Collected data entries

====

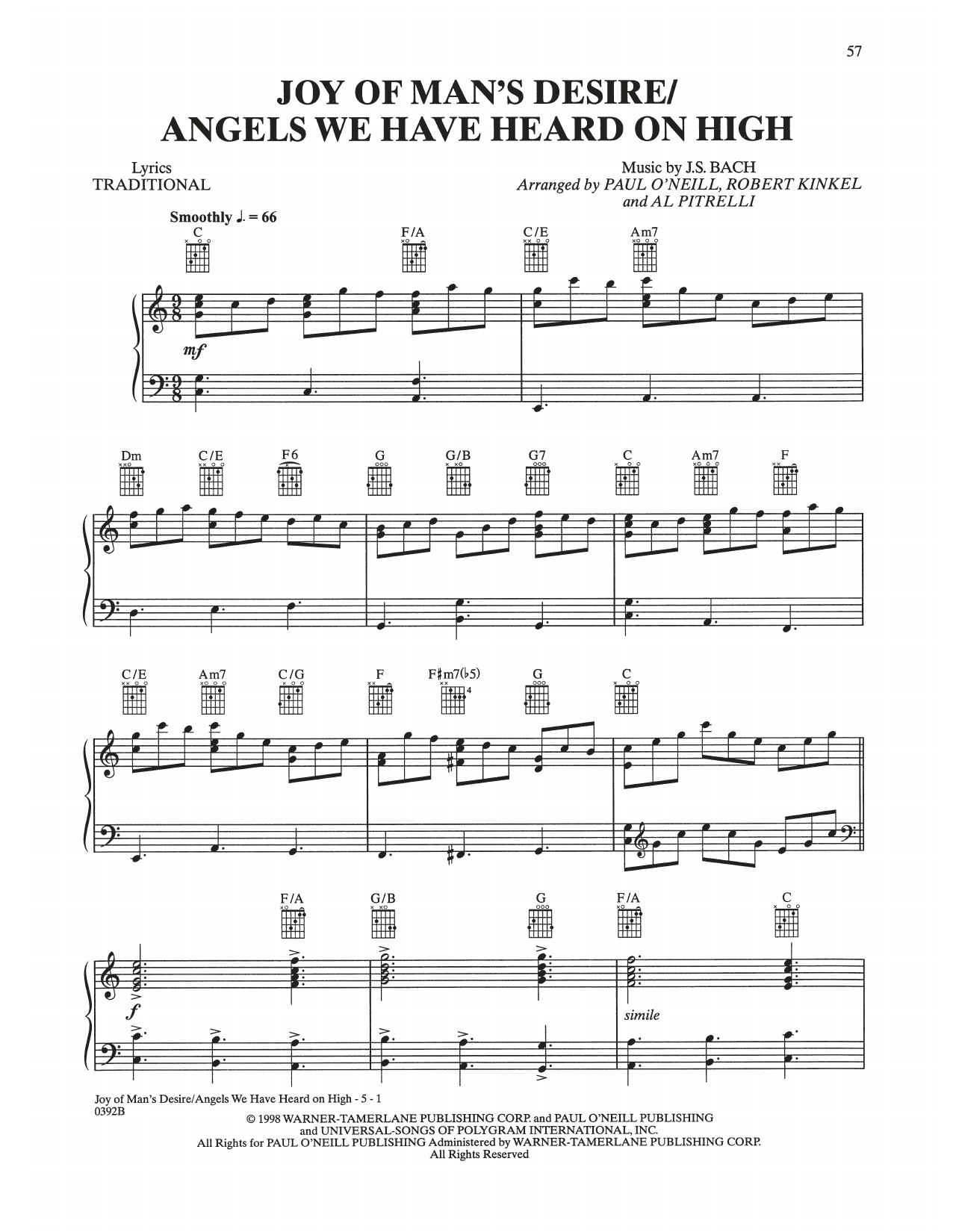 Download Trans-Siberian Orchestra Joy Of Man's Desire / Angels We Have He Sheet Music
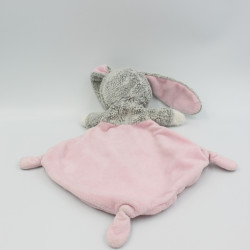 Doudou plat luminescent lapin ours gris blanc rose étoiles MOTS D'ENFANTS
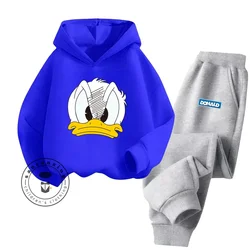 Spring and Fall Fashion Cartoon Donald Duck Pure Cotton Boys and Girls Teenagers Unique Super Good-looking Sweatshirt Tracksuit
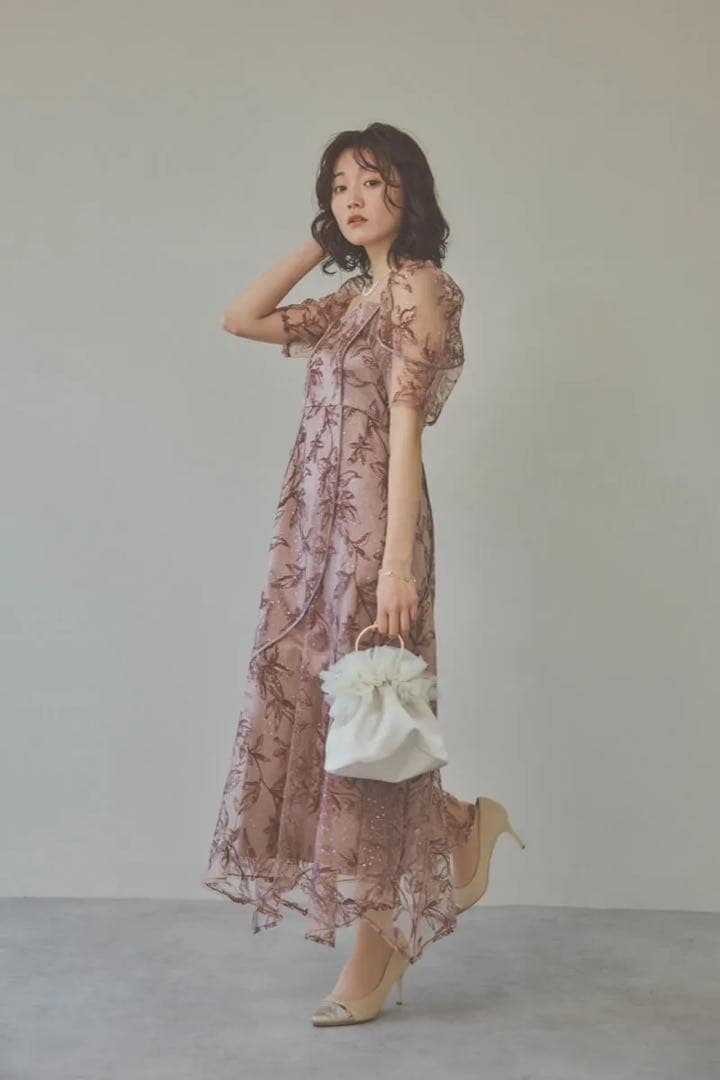 新品タグ付き！FRAY I.D カーブパネルエンブロイダリードレス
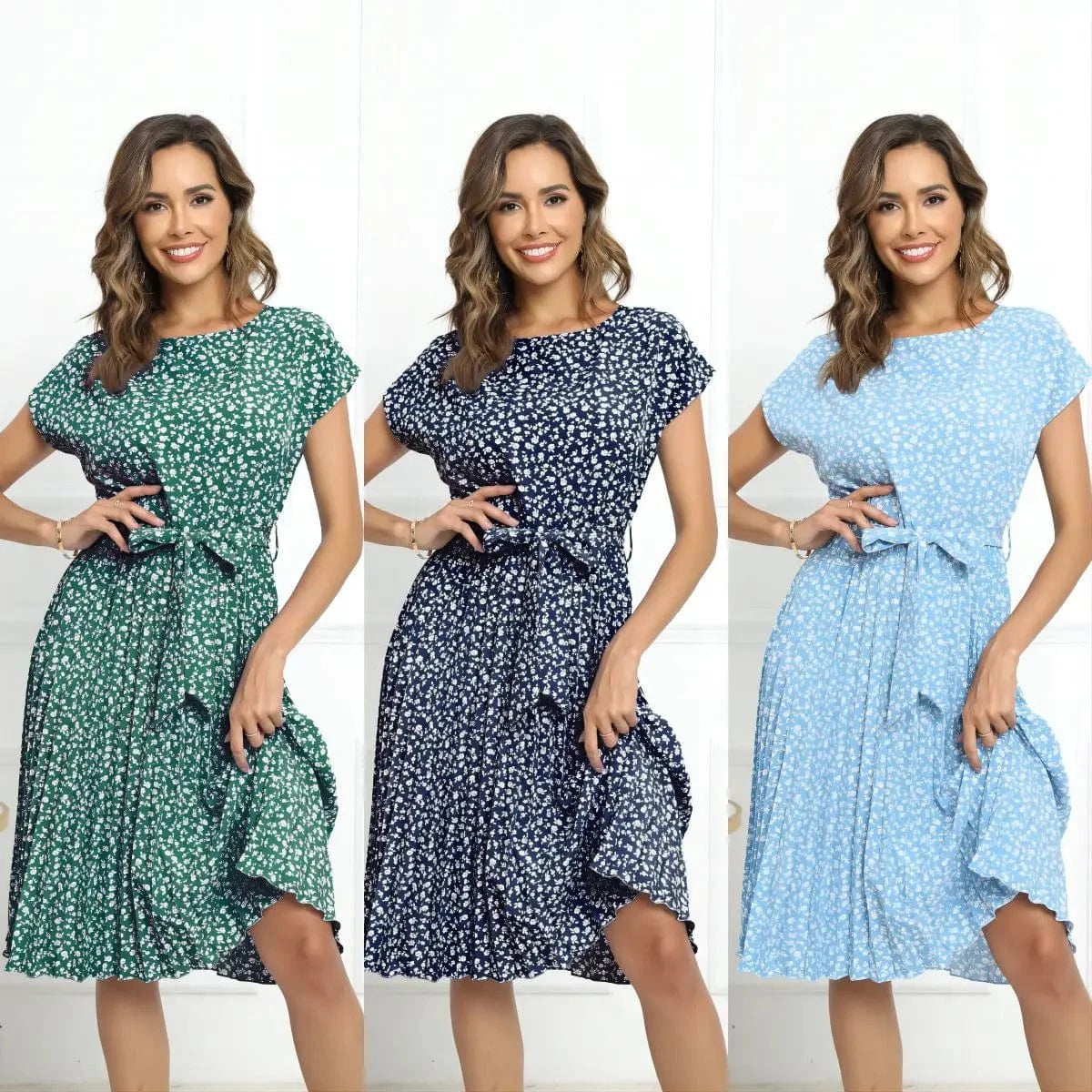 Summer New Casual Short Sleeved Round Neck Floral Lace-up Pleated Slim Dress Women's Printed Dress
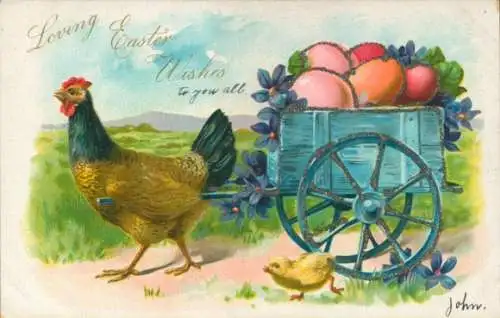 Präge Glitzer Litho Glückwunsch Ostern, Henne, Karren, Ostereier, Küken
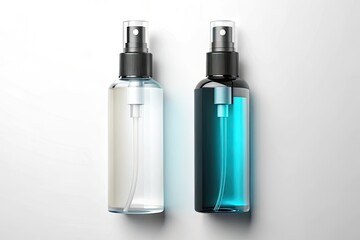 Sleek black cosmetic spray bottle mockup, clean white backdrop, showcasing impactful branding.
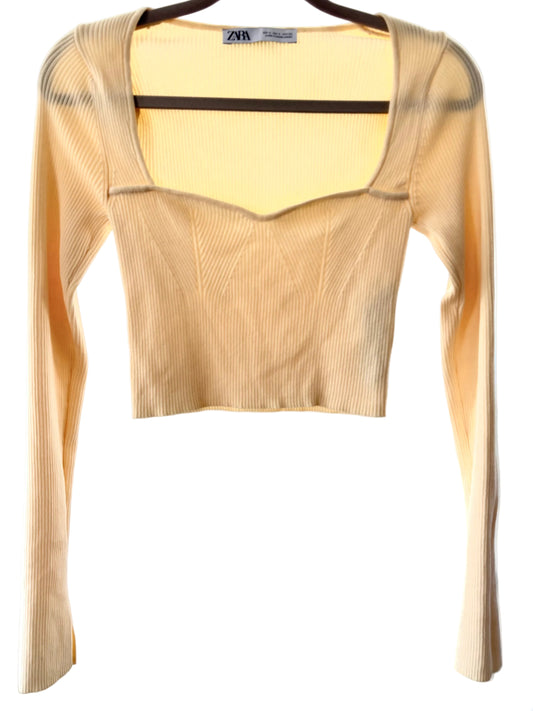 Ljusgul Ribbstickad Crop Topp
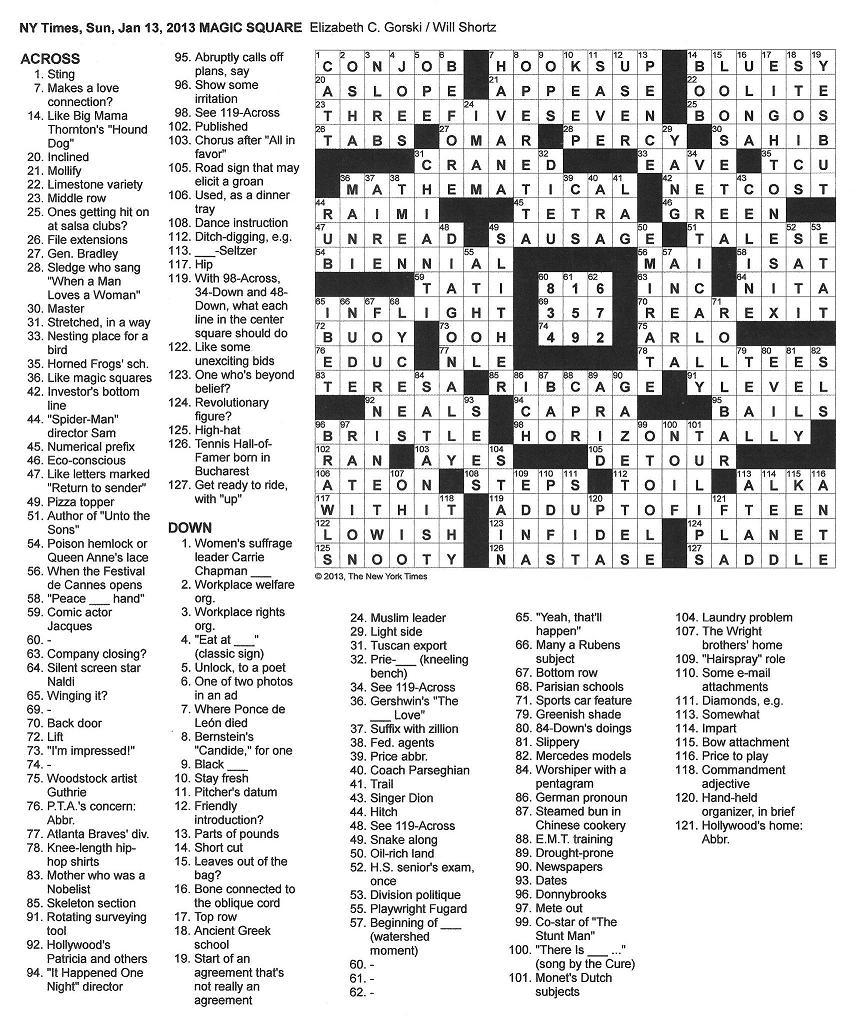 Crossword Puzzles Ny Times Printable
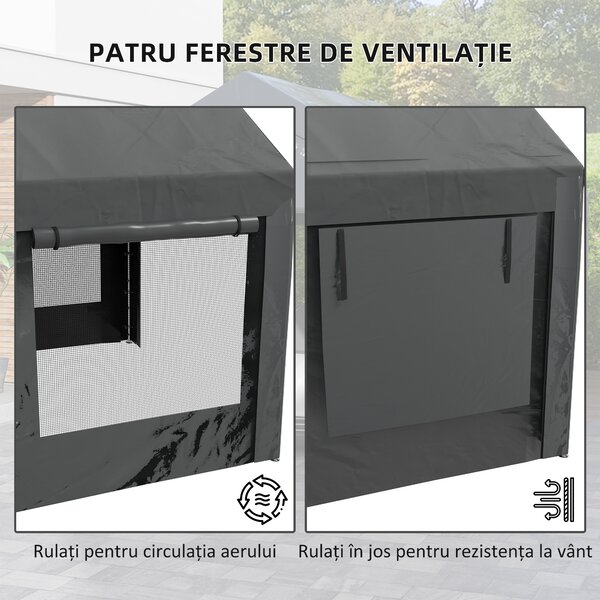 Outsunny Pavilion de Grădină cu Înălțime Reglabilă, 4 Uși și 4 Ferestre, 6x3 m, Gri Închis | Aosom Romania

====

=== Task goal ===
Give each record above back word for word, but carry over none of the pictures.

=== Answer section ===
 Download Trans-Siberian Orchestra Joy Of Man's Desire / Angels We Have He Sheet Music
 Doudou plat luminescent lapin ours gris blanc rose étoiles MOTS D'ENFANTS
 Spring and Fall Fashion Cartoon Donald Duck Pure Cotton Boys and Girls Teenagers Unique Super Good-looking Sweatshirt Tracksuit
 新品タグ付き！FRAY I.D カーブパネルエンブロイダリードレス
 Summer New Casual Short Sleeved Round Neck Floral Lace-up Pleated Slim Dress Women's Printed Dress
 Präge Glitzer Litho Glückwunsch Ostern, Henne, Karren, Ostereier, Küken
 Sleek black cosmetic spray bottle mockup, clean white backdrop, showcasing impactful branding.
 Ljusgul Ribbstickad Crop Topp
 Crossword Puzzles Ny Times Printable
 Outsunny Pavilion de Grădină cu Înălțime Reglabilă, 4 Uși și 4 Ferestre, 6x3 m, Gri Închis | Aosom Romania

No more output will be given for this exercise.